> [Given material]:

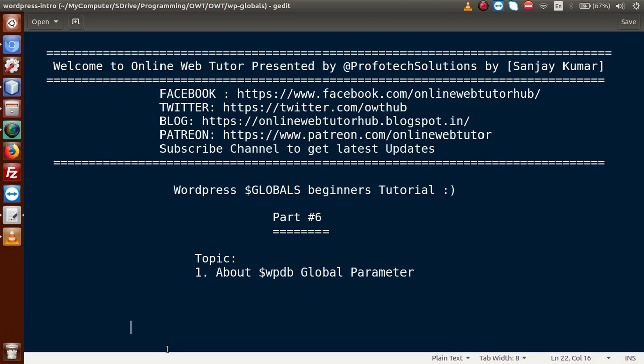Inside this video session, we are going to discuss complete details about WP_DB global parameters. If you are a beginner to this channel, please don't forget to subscribe and keep watching our previous video sessions to get a clear concept about the WordPress Globals tutorial.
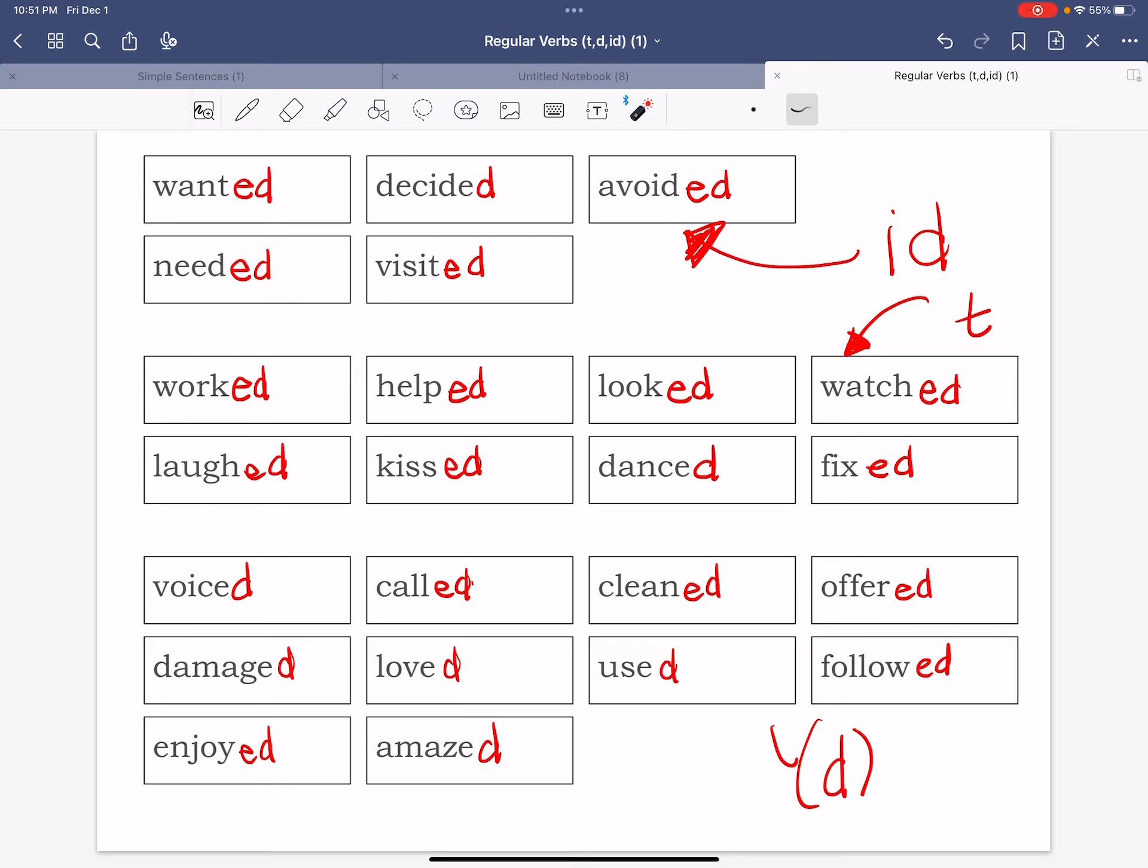So then this is it. Whenever you want to conjugate or make a regular verb into past tense, you're just going to add an ed. And the reason we add an ed is just to make it easy all across, even though it doesn't sound like an ed. We still put the ed and it ends in id and t or in d.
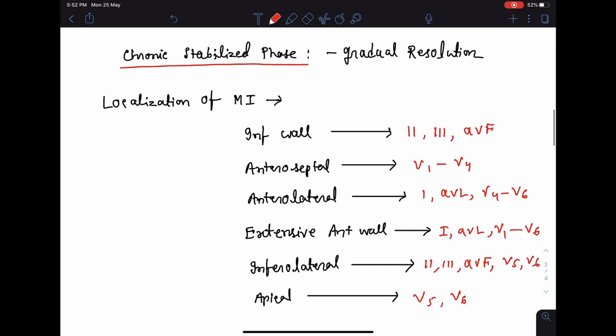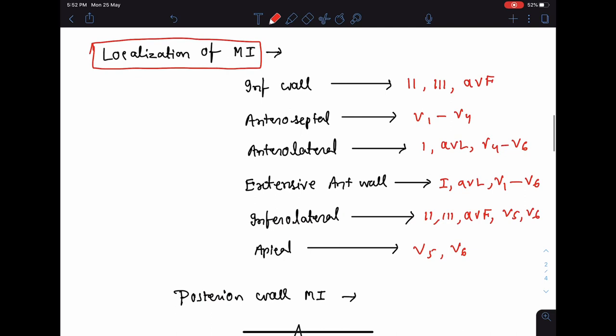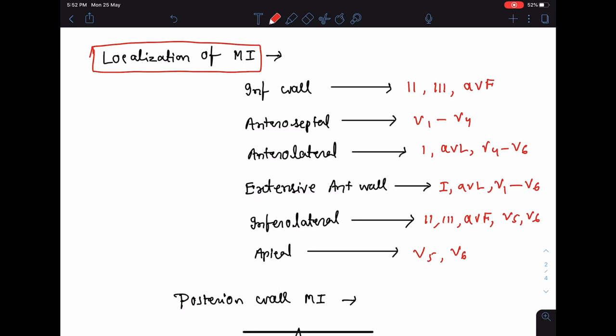Now, how do we localize myocardial infarction — how do we know which area or which wall is involved? We can determine this from various leads. The inferior wall of the left ventricle is represented by leads 2, 3, and AVF. If there are changes of myocardial infarction in leads 2, 3, or AVF, we can think there is involvement of the inferior wall. If the classic changes are found in V1 to V4, the area involved will be the anteroseptal wall.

> [Directions for this task]: Return all material verbatim, pictures omitted.

> [Task answer]:
Inside this video session, we are going to discuss complete details about WP_DB global parameters. If you are a beginner to this channel, please don't forget to subscribe and keep watching our previous video sessions to get a clear concept about the WordPress Globals tutorial.
So then this is it. Whenever you want to conjugate or make a regular verb into past tense, you're just going to add an ed. And the reason we add an ed is just to make it easy all across, even though it doesn't sound like an ed. We still put the ed and it ends in id and t or in d.
Now, how do we localize myocardial infarction — how do we know which area or which wall is involved? We can determine this from various leads. The inferior wall of the left ventricle is represented by leads 2, 3, and AVF. If there are changes of myocardial infarction in leads 2, 3, or AVF, we can think there is involvement of the inferior wall. If the classic changes are found in V1 to V4, the area involved will be the anteroseptal wall.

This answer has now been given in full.